Project for RDG 1310, Multiculturalism In The Classroom

T.O. Bedlam

11/19/01

Our family began with Dolan. Dolan, first name unknown, came across from Ireland following the Potato Famine, and came to New York to find his brother. He was a country boy, and New York confused him. Unable to find his brother, he wound up moving south in search of work, until he reached West Virginia, where he married a local widow. They had children, hers and theirs, all of whom were daughters; there is no one in the family now named Dolan....

This is what I'd come up with for my Multiculturalism project, and I wasn't pleased with it. It sounded like a million other geneaologies I'd read, a dozen other dramatizations of someone else's family tree. It wasn't what I wanted to do.

Create a presentation based on your culture, your family, your traditions. Include written and visual elements. Be creative. This was the assignment. Bleh. How to be creative? I'm Scots-Irish, but we've been in this country since the Civil War, and some of us go back even further. We don't have any Old World traditions. I grew up living Generic White People culture, the same as everyone else in LIFE magazine. What was I supposed to do, include photos of genuine Generic White People Cuisine? Wonder Bread, tuna salad, and California Dip? Include photos of Christmas With The Bedlams? The only thing that was really traditional at Christmas was my grandmother, running around with the Instamatic, insisting that we pose, pose, pose, and hold that pose.... and even that, I find, isn't all that unique a childhood memory.

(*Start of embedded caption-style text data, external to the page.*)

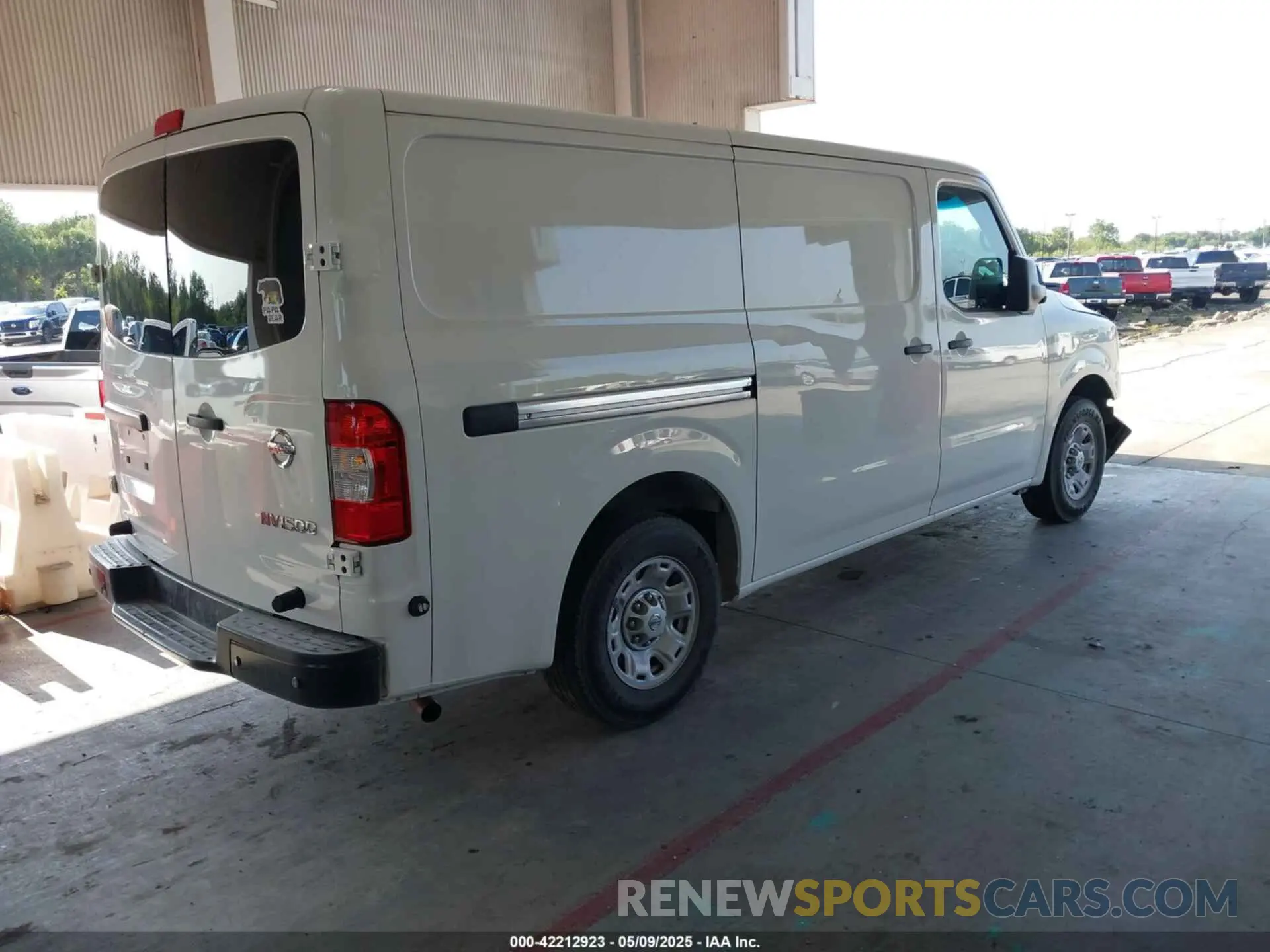 4 fotografías del automóvil dañado 1N6BF0KM6KN807312 NISSAN NV CARGO NV1500 2019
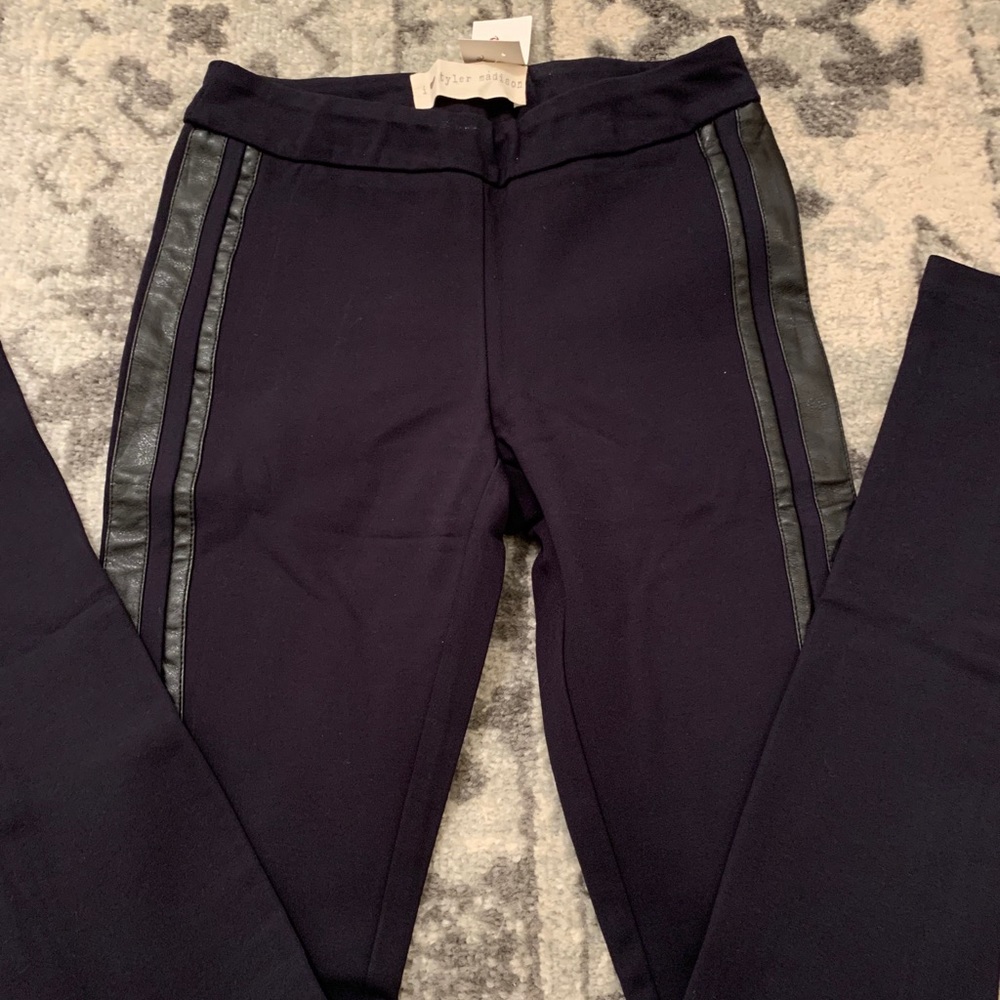 Navy legging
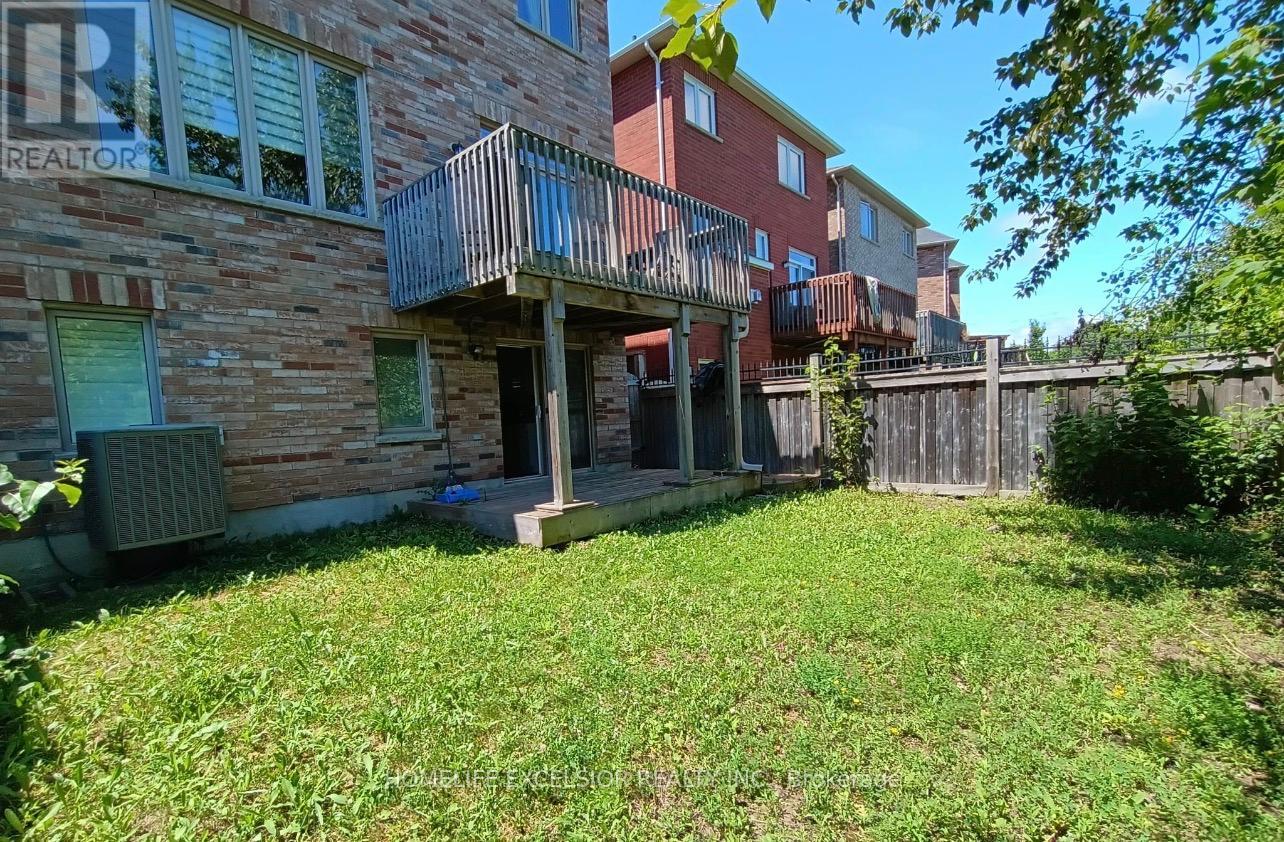 2425 QUETICO CRESCENT - 44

I wanted to do something different. I wanted to provide some measure of the flavor of my family, and its uniqueness... while still pointing out its cultural connections within the larger society. I wanted to be creative. But what to do?

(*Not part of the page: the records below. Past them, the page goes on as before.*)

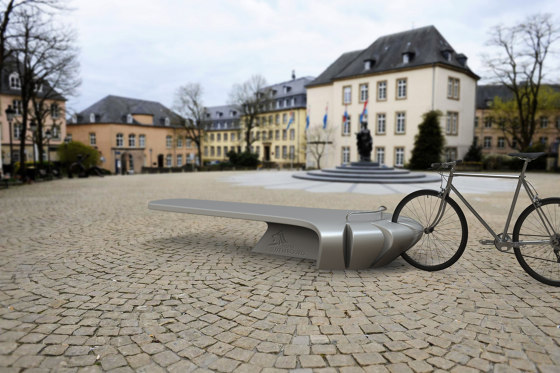 dade BENCH | dade GINKGO bench & bike rack by Stayconcrete | Bancos | Dade Design AG concrete works Beton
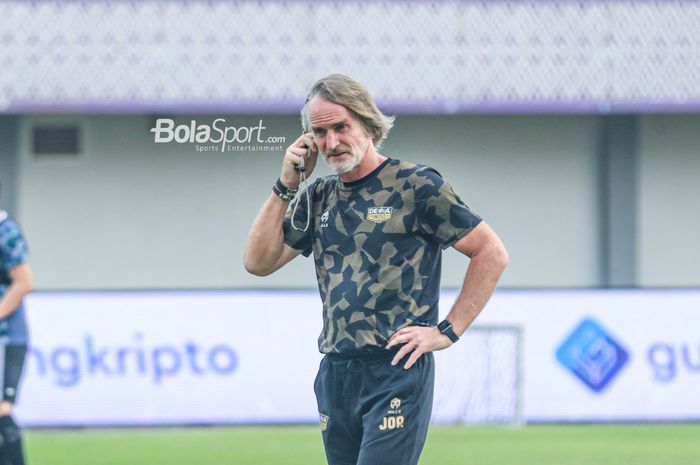 Pelatih Dewa United, Jan Olde Riekerink, sedang memantau para pemainnya berlatih di Stadion Indomilk Arena, Tangerang, Banten, Selasa (7/2/2023).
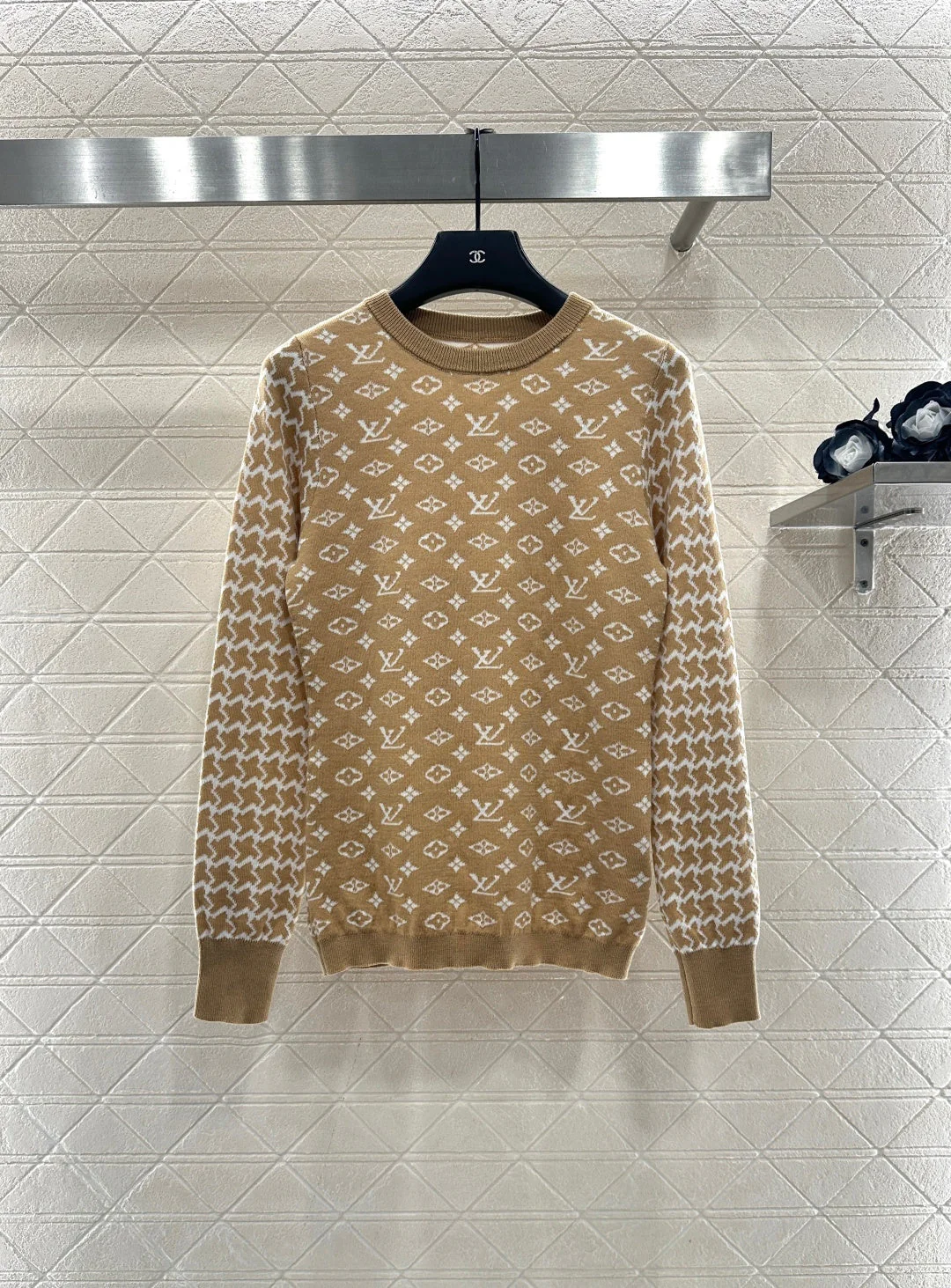 Jacquard round neck long sleeved sweater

We had two days to do our presentations. On day one, I still hadn't started, and had no idea what I was going to do.

Kelly Flores had a nice, memorable presentation. She's from Laredo, a total blend of Hispanic and Anglo culture if ever there was one, and made this the focus of her presentation. I really liked the Collector's Mexican Barbie Doll, complete with correct hair and skin tone, and a cute flamenco dancer's outfit. Talk about blending of cultures! She also had handouts Xeroxed, with the tale of La Llorona, the Crying Woman, both in English and Spanish, a tale firmly rooted in local folklore--

Local folklore.

Folklore.

And then I remembered Uncle Meat.

I was saved.

After class, I sped home, fired up Microsoft Word, and began thinking hard about Uncle Meat, and everything I'd ever been told about him. I called my sister that evening -- one of my few surviving relatives -- and asked what she remembered... and the memories came back.

I would make my presentation about Uncle Meat.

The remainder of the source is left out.